Уиндему и Азимову сопутствовала редкая удача при создании женских характеров в специфическом научно-фантастическом окружении. В произведениях других авторов женские образы по-прежнему оставались слабой тенью мужских при всей своей физической привлекательности. По мнению критиков (Дж. Бейли и др.), изображение фантастами человеческих отношений также продолжало страдать инфантильностью. И как ни парадоксально, снятие в середине 60-х годов «табу» с обсуждения темы секса в произведениях представителя английской «новой волны» американца Теодора Стерджена поначалу как бы послужило стимулом для создания более полнокровных женских образов. Именно тогда писатели-фантасты впервые начали уделять им более пристальное внимание.
С конца 60-х годов в научной фантастике Запада стал заметно расти интерес к «женской» проблематике, в литературу пришло много новых авторов-женщин, родился новый тип героини. Американская писательница и критик Джоанна Расс нарекла 70-е годы Женским Возрождением в научной фантастике. Можно найти и лучший термин для обозначения усиливающейся творческой активности женщин, и хотелось бы избежать здесь уводящих от существа явления аналогий с эпохой Возрождения. Минувшее десятилетие в фантастике следовало бы назвать Открытием Женщины, декадой Нового Гуманизма или Человечества Братьев и Сестер. Это вернее бы говорило о происходившем.
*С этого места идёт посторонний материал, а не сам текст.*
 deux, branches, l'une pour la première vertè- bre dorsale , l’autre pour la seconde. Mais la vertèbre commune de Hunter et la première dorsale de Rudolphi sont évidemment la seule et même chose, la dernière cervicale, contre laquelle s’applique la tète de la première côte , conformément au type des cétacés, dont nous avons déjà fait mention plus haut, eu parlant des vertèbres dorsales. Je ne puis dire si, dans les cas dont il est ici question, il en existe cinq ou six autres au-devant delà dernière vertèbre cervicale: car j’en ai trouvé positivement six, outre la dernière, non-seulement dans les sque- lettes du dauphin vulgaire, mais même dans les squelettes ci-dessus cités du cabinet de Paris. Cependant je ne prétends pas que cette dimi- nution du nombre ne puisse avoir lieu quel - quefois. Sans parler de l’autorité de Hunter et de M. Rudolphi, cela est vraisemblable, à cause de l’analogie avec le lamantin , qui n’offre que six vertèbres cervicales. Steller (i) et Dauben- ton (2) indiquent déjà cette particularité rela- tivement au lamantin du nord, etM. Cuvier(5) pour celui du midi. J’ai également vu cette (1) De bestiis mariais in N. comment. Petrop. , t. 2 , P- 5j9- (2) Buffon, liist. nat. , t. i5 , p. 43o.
Писатели 70-х годов видели основной стимул укрепления человечности прежде всего в любви, которая обрела еще большую ценность после «чисто сексуальных экспериментов» в литературе эпохи секс-революции, как иногда называют вторую половину 60-х годов. Так, атмосферой ожидания спасительной любви пронизано творчество многообещающего американского писателя Майкла Бишопа (романы «Немного известно», 1977; «Преобразования», 1979; рассказы об Атланте будущего). Исследованию тончайших оттенков любви, взаимного притяжения и отталкивания мужчины и женщины, подвигу строительства мировой гармонии в их союзе посвятила свой роман «Брачные союзы между Третьей, Четвертой и Пятой Зонами» (1980) известная английская писательница Дорис Дессинг, обратившаяся к фантастике в семидесятые годы. В самой научной фантастике супружеские писательские тандемы, основанные на принципе дополнительности видения мира, были закономерным явлением, Наиболее известные из них — авторы юмористических остросоциальных рассказов Кэтрин Мур и Генри Каттнер (совместный псевдоним — Льюис Пэджетт), «приключенцы» в американской фантастике Ли Брэкет и Эдмонд Гамильтон. В 70-е годы к ним добавилось еще несколько пар. Особенно заметен был дебют американцев Джин и Спайдера Робинсонов, живущих в Канаде, — роман «Звездный танец» (1979). Бывшей балерине Джин удалось наполнить его небывалыми для западной НФ танцевальными образами. Космический танец в невесомости героини романа Шейлы доносит до сознания инопланетян неукротимость человеческого духа и неутолимую тоску человека по общению.